1.2 Complex surveys and statistical inference

In this book, we demonstrate how to estimate poverty and inequality measures in a population using microdata collected from a complex survey sample. Most surveys administered by government agencies or larger research organizations utilize a sampling design that violates the assumption of simple random sampling (SRS), including:

  1. Different units selection probabilities;
  2. Clustering of units;
  3. Stratification of clusters;
  4. Reweighting to compensate for missing values and other adjustments.
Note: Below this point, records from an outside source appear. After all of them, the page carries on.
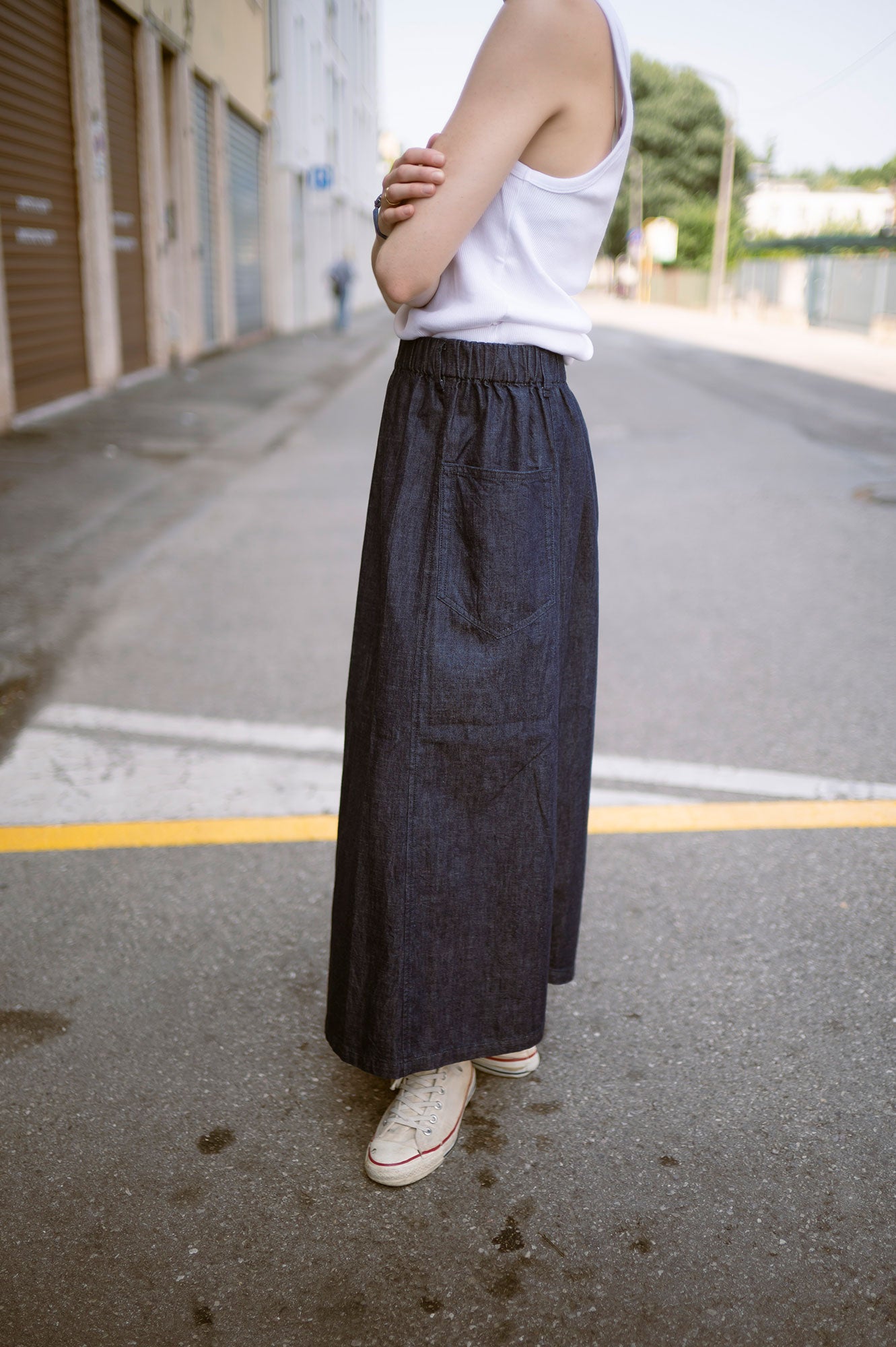 Gonna lunga in denim Peppino Peppino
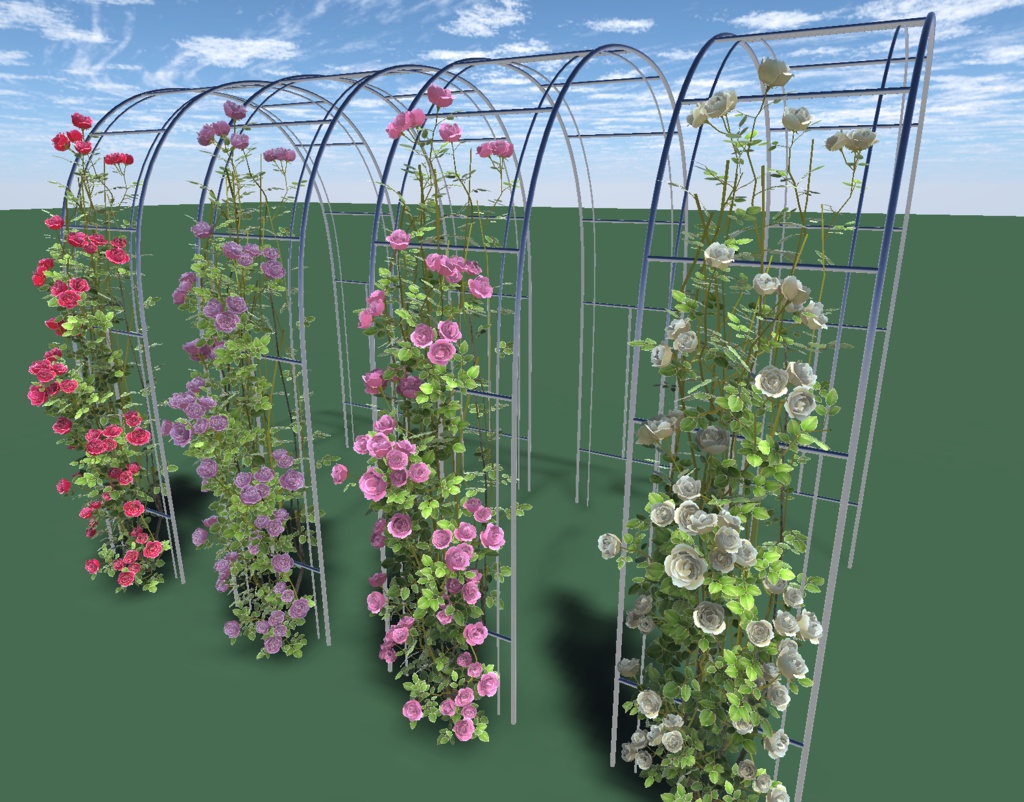 【3Dモデル】Rose Assets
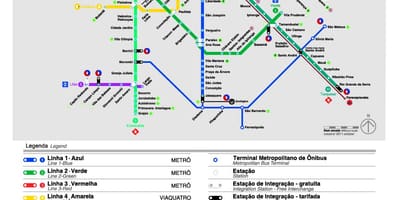 แผนที่ของ SPTrans
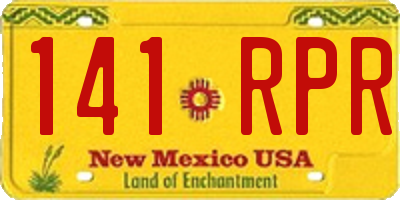NM license plate 141RPR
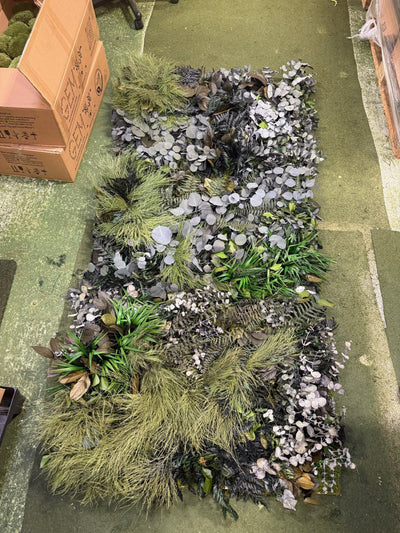 Pflanzenbild dreiteilig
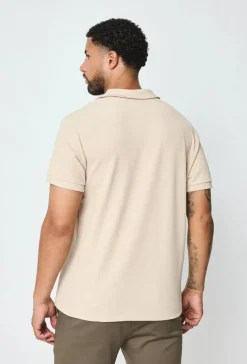 Polo uni à manches courtes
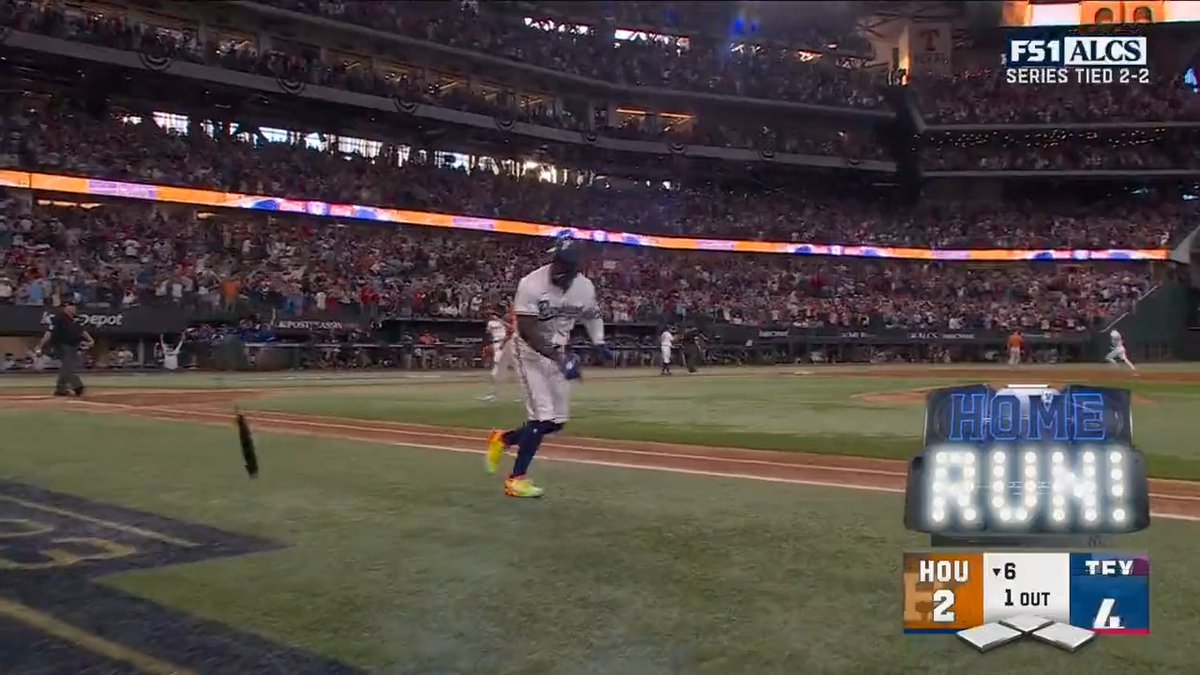 ADOLIS GARCIA GIVES THE RANGERS THE LEAD 😳 (via Texas Rangers)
Therefore, basic unweighted R commands such as mean() or glm() will not properly account for the weighting nor the measures of uncertainty (such as sampling variance estimates and confidence intervals) present in the dataset. For some examples of publicly-available complex survey data sets, see http://asdfree.com.

Unlike other software, the R convey package does not require that the user specify these parameters throughout the analysis. So long as the svydesign object or svrepdesign object has been constructed properly at the outset of the analysis, the convey package will incorporate the survey design automatically and produce statistics and variances that take the complex sample into account.

Survey analysts familiar with the R dplyr syntax implemented by the survey library’s wrapper srvyr package might be interested in implementing specific convey functions by following the svygini() example published by srvyr author Greg Freedman Ellis. Note that the full design stored by convey_prep() may in some cases complicate this extension.